---------- DATA FOR THIS TASK ----------

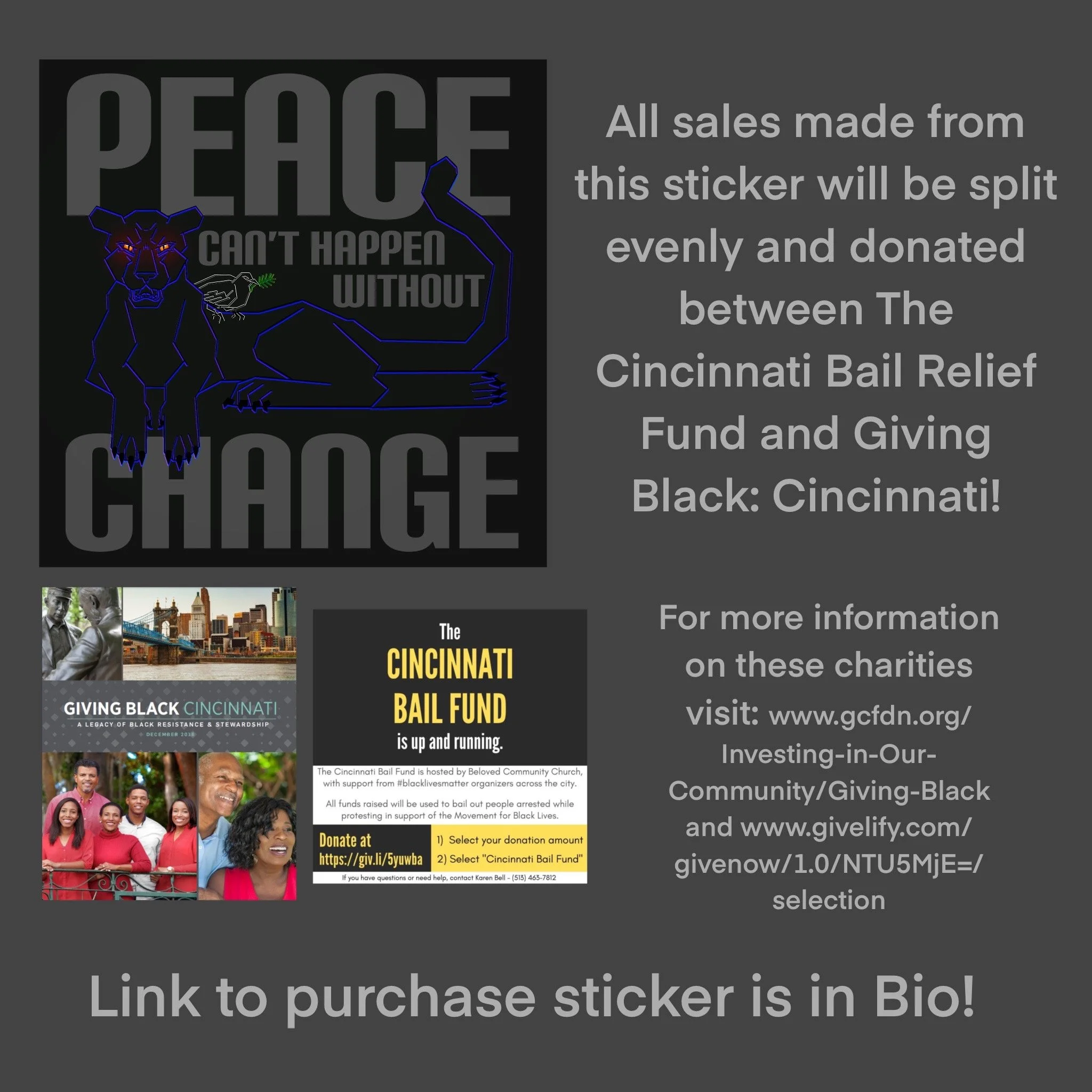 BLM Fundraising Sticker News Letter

----------
---------- DATA FOR THIS TASK ----------

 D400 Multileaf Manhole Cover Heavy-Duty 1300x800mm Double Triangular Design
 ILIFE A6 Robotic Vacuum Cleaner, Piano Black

----------
---------- DATA FOR THIS TASK ----------

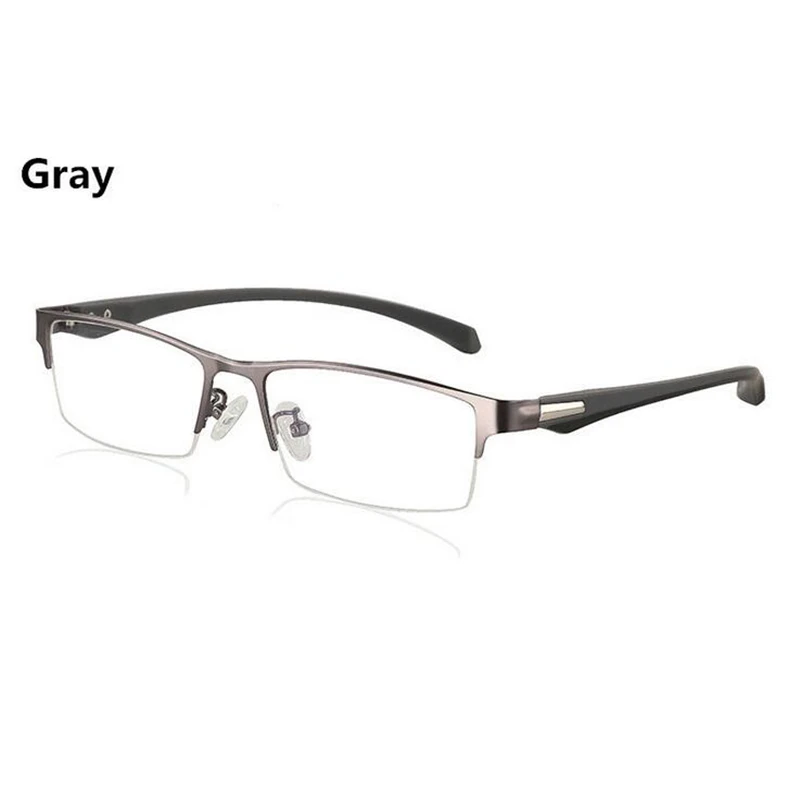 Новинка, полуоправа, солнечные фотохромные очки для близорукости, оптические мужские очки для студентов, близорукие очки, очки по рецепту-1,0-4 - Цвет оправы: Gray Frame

----------

Every line from the line containing "D400 Multileaf Manhole" through the line containing "ILIFE A6 Robotic Vacuum Cleaner, Piano Black" in the records above must be retyped exactly. Leave out the rest.

 D400 Multileaf Manhole Cover Heavy-Duty 1300x800mm Double Triangular Design
 ILIFE A6 Robotic Vacuum Cleaner, Piano Black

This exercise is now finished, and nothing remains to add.